Segment Open
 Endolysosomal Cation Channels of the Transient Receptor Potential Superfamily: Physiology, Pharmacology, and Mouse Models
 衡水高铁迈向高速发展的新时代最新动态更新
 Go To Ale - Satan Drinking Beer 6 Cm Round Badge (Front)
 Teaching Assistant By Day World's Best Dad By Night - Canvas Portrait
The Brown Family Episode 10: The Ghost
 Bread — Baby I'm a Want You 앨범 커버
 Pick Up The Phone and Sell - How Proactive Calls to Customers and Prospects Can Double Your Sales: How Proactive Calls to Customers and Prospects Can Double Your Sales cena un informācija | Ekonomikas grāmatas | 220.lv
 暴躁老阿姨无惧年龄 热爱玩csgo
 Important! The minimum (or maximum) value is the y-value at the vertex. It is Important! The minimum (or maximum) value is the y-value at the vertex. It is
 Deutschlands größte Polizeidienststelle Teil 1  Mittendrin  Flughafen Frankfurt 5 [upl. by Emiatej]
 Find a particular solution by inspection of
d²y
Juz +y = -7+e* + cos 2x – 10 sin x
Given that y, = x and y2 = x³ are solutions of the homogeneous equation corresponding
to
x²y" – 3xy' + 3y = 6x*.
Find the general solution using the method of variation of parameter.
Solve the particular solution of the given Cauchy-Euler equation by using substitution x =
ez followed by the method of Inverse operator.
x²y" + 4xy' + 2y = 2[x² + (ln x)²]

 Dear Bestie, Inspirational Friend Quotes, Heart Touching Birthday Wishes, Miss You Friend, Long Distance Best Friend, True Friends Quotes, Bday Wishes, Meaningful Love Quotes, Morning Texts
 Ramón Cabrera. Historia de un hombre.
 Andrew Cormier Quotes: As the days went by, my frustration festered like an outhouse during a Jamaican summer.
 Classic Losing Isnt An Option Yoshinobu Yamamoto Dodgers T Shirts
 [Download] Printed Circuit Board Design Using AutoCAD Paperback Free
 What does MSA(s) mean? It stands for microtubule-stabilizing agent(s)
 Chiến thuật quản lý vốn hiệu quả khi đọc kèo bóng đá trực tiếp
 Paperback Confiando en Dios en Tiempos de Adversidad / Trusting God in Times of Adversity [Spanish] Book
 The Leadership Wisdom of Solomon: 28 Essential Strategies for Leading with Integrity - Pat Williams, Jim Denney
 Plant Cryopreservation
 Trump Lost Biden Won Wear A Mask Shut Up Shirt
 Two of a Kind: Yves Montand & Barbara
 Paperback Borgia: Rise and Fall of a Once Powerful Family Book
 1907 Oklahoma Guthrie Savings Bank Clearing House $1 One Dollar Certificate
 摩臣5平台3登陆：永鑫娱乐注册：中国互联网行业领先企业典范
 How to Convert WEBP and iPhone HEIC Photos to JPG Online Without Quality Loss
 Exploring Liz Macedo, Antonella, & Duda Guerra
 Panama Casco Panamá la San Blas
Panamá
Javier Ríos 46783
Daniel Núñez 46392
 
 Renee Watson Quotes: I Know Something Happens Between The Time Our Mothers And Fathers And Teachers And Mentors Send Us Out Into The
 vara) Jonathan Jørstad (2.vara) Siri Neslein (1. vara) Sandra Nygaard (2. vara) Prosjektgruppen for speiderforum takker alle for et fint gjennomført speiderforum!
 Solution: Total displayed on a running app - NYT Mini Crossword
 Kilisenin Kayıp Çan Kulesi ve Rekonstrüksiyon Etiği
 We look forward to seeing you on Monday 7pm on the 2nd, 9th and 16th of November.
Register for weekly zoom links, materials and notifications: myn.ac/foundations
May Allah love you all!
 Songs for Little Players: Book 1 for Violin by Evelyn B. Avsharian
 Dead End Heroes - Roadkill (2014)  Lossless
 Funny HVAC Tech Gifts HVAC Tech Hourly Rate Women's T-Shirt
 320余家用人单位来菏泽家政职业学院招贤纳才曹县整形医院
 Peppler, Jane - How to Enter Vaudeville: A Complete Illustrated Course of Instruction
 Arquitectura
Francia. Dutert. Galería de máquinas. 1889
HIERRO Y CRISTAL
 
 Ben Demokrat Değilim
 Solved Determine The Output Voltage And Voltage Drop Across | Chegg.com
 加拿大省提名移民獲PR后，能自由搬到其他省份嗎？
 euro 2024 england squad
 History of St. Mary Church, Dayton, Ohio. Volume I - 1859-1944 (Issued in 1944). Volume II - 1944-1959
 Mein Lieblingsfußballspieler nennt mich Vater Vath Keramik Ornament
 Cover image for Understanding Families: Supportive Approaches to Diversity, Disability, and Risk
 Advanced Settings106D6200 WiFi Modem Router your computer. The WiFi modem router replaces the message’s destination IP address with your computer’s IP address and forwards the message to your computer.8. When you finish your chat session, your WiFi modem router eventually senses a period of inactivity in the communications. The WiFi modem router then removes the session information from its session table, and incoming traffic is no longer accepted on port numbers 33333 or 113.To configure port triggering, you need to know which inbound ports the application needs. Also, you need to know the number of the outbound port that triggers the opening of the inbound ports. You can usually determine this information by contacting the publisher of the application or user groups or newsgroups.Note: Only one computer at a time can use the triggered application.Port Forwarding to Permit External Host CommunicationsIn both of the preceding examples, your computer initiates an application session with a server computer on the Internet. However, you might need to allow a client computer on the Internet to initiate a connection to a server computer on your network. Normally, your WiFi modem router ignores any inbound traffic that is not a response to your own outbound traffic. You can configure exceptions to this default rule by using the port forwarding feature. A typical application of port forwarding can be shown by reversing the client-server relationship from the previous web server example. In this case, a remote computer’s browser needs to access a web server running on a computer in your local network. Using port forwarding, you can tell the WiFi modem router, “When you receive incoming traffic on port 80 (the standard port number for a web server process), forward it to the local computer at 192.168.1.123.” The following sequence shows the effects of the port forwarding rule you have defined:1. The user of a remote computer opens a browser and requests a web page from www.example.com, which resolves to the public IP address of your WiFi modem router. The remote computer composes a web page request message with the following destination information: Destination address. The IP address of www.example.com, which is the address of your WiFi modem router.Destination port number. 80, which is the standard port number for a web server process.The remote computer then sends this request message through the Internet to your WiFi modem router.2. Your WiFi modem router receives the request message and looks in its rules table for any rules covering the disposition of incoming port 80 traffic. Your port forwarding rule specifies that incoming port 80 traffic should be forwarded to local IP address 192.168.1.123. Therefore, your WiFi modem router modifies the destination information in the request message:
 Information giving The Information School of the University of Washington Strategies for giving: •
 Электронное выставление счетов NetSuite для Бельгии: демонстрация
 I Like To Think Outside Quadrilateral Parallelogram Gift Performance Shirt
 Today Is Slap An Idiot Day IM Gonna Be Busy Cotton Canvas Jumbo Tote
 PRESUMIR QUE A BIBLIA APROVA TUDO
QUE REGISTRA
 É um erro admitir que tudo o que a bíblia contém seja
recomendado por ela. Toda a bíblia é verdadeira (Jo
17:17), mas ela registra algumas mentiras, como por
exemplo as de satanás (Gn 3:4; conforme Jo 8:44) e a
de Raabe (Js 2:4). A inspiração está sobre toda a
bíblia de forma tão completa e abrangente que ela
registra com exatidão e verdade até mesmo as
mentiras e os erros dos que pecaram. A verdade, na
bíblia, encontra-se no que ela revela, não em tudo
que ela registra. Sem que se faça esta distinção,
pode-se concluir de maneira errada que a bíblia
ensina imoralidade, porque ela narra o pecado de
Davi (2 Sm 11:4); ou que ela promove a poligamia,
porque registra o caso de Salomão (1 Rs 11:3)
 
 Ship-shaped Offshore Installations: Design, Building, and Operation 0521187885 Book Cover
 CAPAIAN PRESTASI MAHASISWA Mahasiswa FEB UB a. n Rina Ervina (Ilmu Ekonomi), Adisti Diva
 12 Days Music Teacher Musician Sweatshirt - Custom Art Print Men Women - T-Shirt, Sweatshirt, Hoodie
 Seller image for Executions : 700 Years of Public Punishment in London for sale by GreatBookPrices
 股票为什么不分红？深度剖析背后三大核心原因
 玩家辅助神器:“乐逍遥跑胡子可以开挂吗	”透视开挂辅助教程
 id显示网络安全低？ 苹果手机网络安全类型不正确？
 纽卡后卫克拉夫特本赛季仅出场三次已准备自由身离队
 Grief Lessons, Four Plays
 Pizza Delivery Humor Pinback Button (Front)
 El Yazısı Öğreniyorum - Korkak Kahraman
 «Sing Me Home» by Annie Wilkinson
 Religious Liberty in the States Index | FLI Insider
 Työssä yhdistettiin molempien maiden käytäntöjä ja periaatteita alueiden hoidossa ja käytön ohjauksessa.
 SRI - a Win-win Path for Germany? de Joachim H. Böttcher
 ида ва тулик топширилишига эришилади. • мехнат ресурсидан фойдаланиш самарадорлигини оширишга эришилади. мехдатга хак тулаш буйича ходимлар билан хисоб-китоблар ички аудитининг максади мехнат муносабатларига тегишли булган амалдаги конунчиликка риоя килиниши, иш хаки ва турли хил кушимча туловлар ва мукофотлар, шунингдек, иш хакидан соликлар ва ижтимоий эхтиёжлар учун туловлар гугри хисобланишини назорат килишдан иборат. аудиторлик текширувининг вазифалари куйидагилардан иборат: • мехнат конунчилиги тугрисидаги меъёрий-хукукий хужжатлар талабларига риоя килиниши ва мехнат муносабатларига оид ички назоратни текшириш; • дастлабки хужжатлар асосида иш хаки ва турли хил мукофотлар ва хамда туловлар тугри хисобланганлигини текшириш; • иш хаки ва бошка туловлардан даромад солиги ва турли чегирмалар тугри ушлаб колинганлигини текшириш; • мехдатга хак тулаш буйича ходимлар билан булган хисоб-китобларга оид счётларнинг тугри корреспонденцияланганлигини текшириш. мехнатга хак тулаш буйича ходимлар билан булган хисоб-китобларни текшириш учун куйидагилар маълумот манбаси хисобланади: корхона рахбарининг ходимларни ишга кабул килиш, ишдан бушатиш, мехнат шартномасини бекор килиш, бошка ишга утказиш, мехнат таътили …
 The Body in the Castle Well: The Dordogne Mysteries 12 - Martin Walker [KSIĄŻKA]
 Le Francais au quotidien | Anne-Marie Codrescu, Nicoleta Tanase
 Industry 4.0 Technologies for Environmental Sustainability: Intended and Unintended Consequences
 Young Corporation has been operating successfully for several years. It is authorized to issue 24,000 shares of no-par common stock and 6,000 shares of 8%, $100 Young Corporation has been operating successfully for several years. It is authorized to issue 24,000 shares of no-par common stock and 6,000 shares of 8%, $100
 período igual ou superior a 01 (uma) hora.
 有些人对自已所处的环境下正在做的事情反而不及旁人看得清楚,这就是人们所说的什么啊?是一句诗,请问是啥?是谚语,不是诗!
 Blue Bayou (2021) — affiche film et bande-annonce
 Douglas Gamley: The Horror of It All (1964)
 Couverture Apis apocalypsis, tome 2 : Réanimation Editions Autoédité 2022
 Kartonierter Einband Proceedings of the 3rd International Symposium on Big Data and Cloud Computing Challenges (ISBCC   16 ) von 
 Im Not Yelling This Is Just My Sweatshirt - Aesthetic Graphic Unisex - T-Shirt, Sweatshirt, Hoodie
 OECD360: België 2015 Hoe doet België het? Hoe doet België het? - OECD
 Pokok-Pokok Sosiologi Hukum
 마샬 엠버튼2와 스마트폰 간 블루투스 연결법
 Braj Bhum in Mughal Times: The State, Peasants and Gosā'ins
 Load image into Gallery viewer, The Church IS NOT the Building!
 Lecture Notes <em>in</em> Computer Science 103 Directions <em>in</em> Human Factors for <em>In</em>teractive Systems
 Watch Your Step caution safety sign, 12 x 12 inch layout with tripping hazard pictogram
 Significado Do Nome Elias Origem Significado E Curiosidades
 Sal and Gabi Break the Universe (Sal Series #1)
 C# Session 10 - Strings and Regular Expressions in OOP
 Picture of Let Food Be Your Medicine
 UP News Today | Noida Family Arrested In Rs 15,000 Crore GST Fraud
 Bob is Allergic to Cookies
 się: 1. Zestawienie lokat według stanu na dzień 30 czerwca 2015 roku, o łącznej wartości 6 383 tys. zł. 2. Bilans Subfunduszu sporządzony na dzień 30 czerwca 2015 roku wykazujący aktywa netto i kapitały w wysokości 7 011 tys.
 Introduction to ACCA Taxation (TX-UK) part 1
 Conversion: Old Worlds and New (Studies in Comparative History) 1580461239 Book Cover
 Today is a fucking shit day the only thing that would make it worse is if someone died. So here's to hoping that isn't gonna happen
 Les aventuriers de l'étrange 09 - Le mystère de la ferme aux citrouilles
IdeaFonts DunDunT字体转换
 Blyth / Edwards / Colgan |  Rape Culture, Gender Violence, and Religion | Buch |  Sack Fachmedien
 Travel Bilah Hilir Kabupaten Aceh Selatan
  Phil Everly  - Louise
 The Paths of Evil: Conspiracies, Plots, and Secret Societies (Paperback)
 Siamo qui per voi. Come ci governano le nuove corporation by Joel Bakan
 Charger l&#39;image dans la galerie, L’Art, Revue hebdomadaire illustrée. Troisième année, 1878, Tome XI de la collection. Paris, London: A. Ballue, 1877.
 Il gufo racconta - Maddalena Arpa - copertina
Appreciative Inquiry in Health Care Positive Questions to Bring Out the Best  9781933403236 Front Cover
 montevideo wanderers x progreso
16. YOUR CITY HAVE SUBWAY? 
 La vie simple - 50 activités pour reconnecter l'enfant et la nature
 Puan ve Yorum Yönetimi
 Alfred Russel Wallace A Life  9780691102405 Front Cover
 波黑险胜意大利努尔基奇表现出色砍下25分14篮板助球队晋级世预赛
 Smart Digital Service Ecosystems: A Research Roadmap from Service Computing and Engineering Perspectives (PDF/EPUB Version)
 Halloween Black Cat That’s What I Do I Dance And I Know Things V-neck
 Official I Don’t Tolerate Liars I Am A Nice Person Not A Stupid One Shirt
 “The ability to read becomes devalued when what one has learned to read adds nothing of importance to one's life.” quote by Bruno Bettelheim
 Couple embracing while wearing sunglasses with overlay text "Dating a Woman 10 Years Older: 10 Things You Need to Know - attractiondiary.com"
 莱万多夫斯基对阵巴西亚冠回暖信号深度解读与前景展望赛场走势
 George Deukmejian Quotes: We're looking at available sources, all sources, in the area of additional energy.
Segment Closed
**Work instruction**
Collect every line above that contains the word "Design".

**Answer area**
 [Download] Printed Circuit Board Design Using AutoCAD Paperback Free
 Ship-shaped Offshore Installations: Design, Building, and Operation 0521187885 Book Cover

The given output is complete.